--- What you should do ---
Below is a listing with pictures. Repeat exactly the lines starting at the one holding "Bamboo Cheese Board" and going on through the one holding "Blush Lace Bloom Dress", and leave every picture out.

--- Records supplied ---

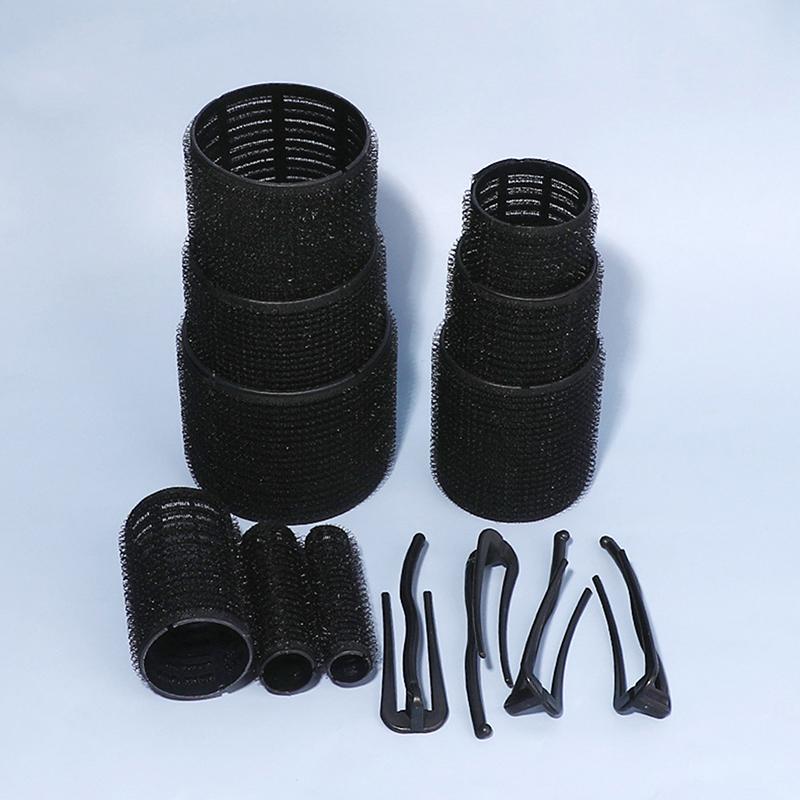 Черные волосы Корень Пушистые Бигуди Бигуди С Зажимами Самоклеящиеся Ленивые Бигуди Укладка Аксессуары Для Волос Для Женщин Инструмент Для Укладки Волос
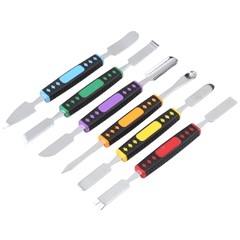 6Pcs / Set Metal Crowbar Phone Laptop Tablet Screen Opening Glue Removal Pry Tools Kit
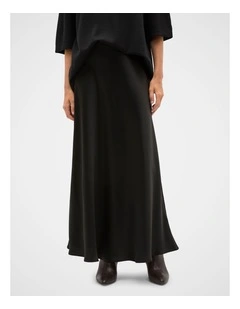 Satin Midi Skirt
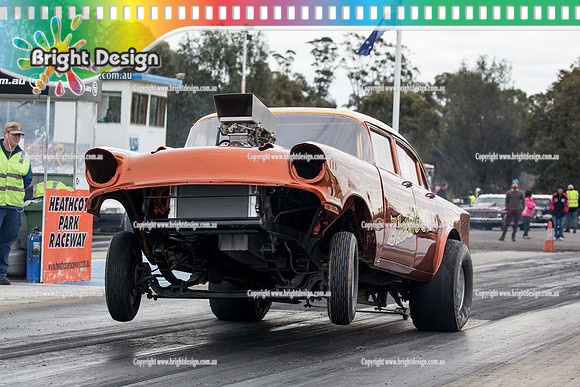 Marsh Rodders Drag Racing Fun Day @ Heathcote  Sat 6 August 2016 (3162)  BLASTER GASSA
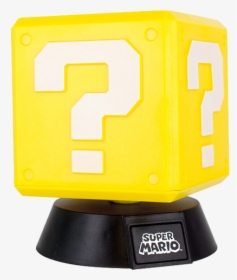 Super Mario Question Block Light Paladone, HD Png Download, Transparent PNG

* * *

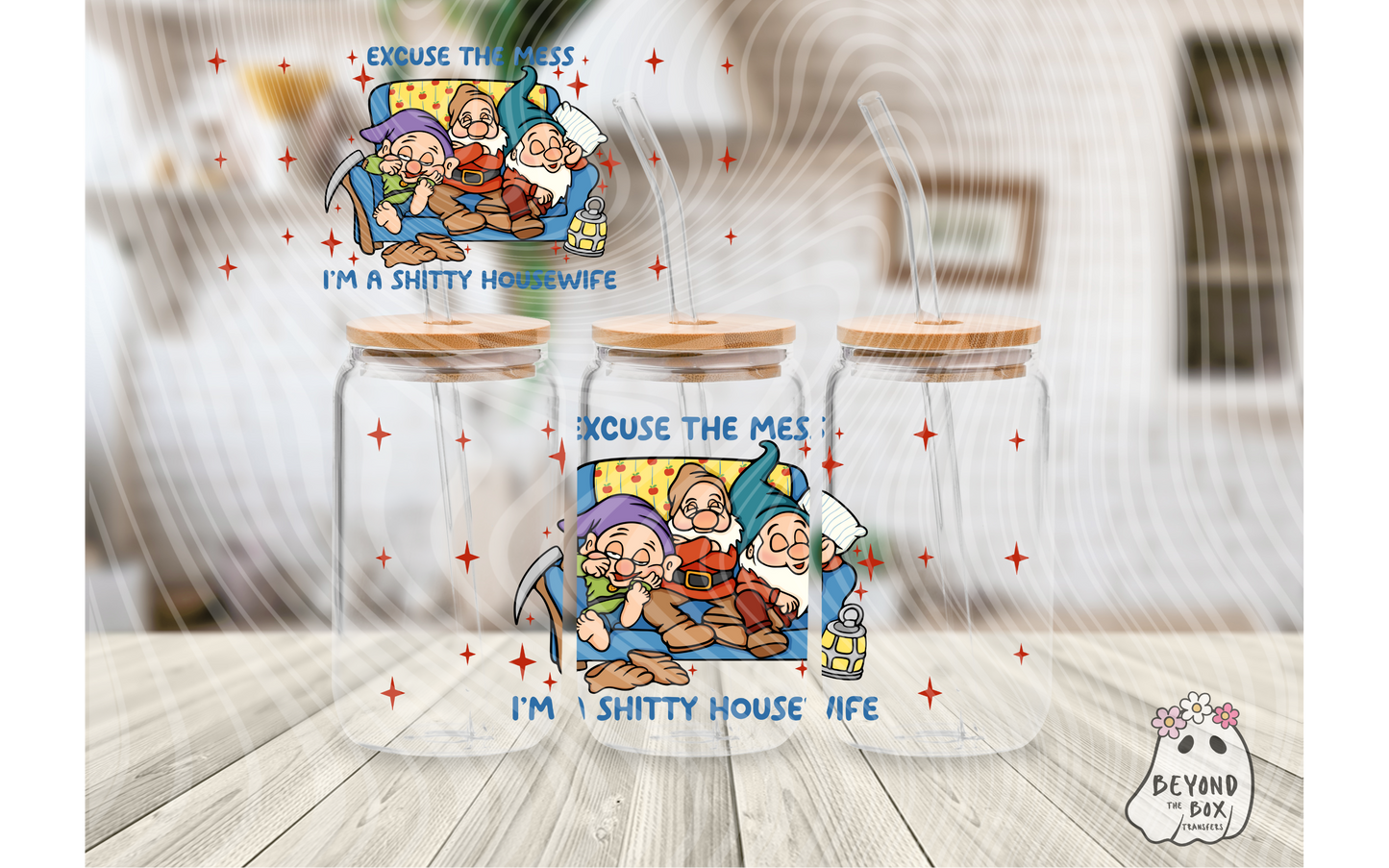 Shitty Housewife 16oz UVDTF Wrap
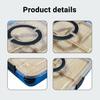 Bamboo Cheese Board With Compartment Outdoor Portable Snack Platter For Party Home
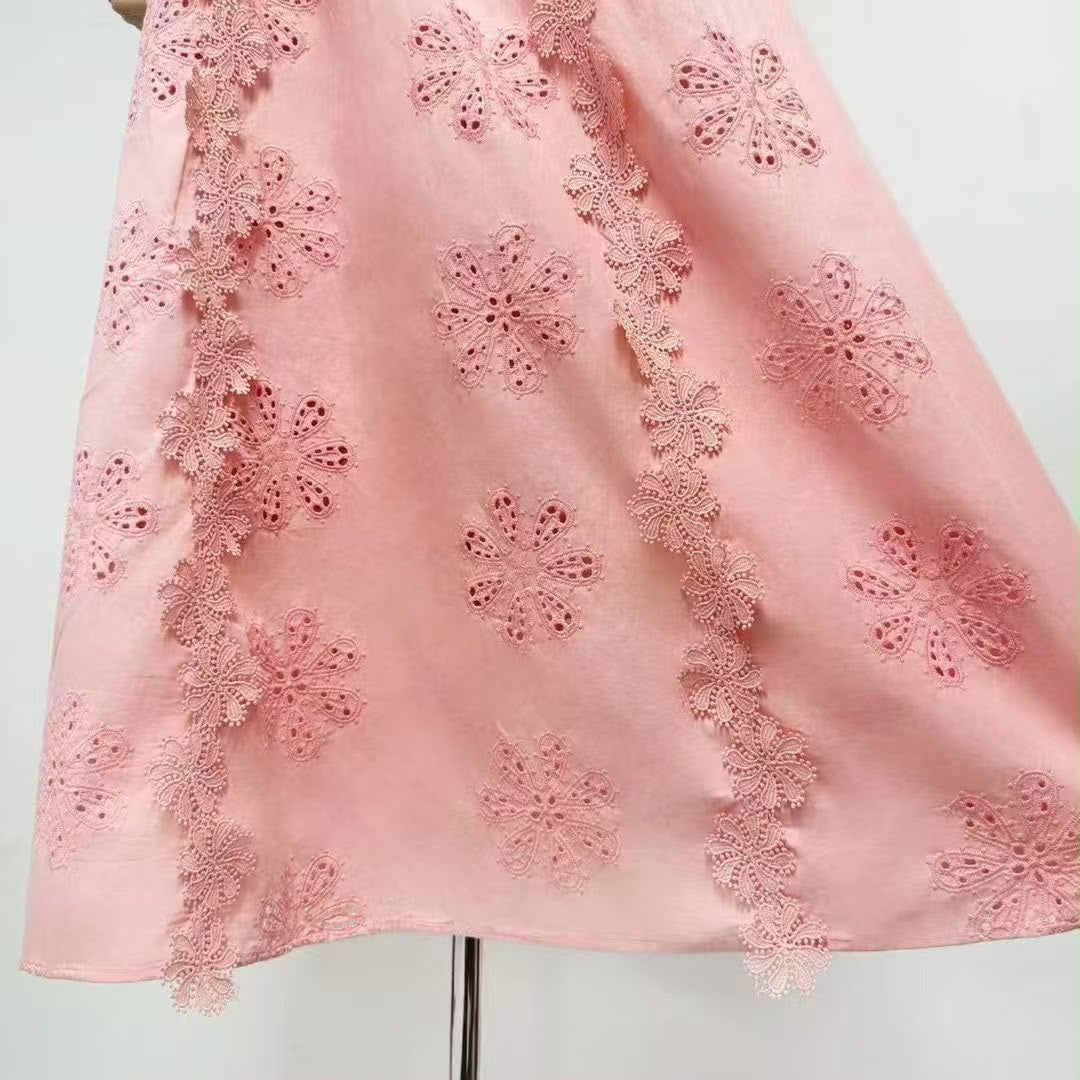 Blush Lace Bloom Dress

--- Answer to the problem ---
 Bamboo Cheese Board With Compartment Outdoor Portable Snack Platter For Party Home
 Blush Lace Bloom Dress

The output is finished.